▸ **DATA**
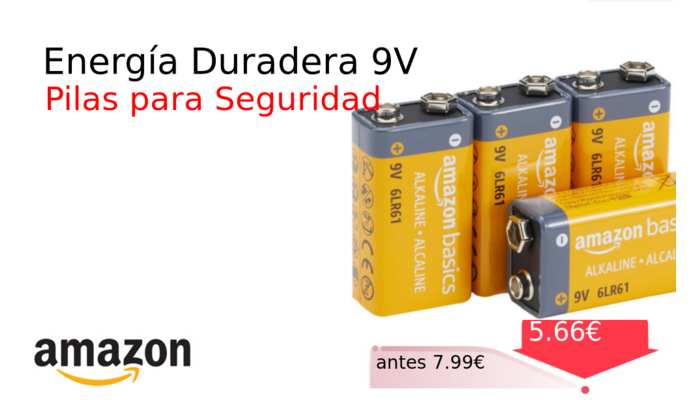Energía Duradera 9V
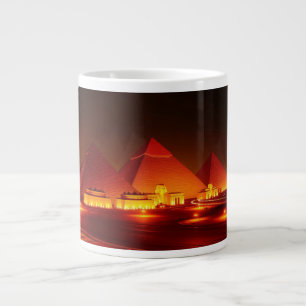 Taza De Café Gigante Pirámides Antiguas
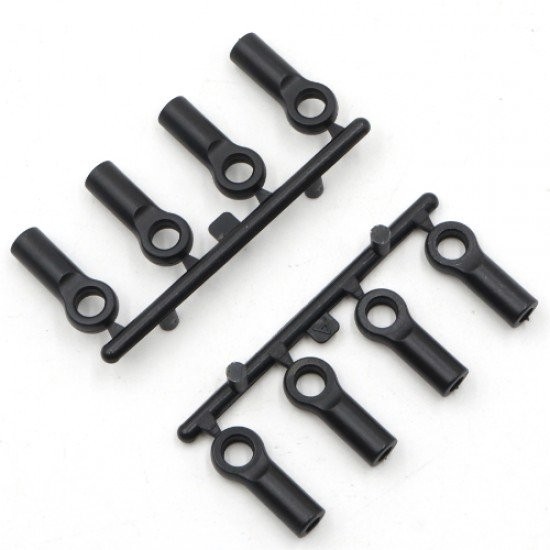 Plastové kulové kloubky 4,8mm, dlouhé, 8ks (1)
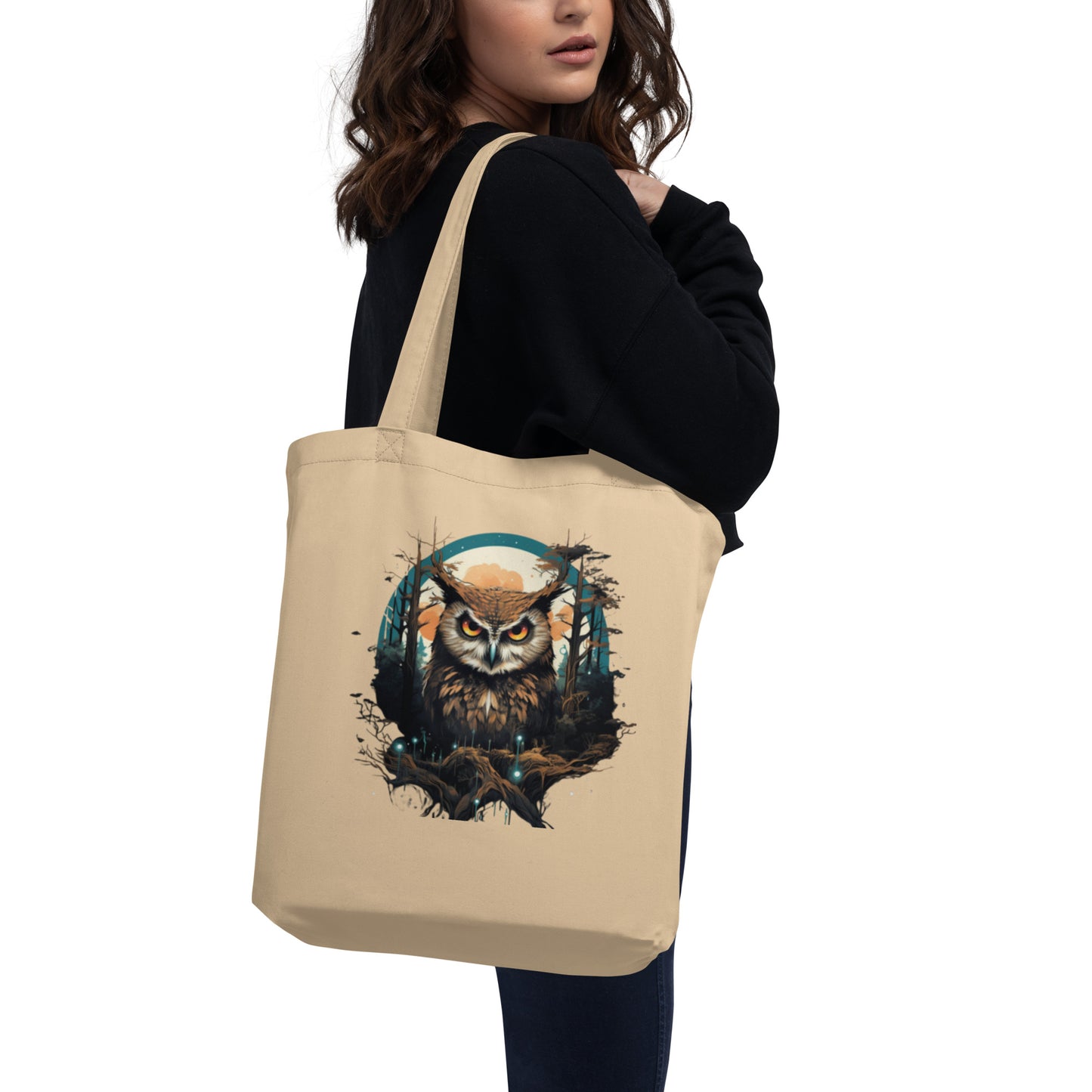 Evil Eye Owl - Eco Tote Bag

▸ **TASK GOAL**
Before copying the material, set its pictures aside; then transcribe it word for word.

▸ **EXERCISE RESULT**
Energía Duradera 9V
 Taza De Café Gigante Pirámides Antiguas
 Plastové kulové kloubky 4,8mm, dlouhé, 8ks (1)
 Evil Eye Owl - Eco Tote Bag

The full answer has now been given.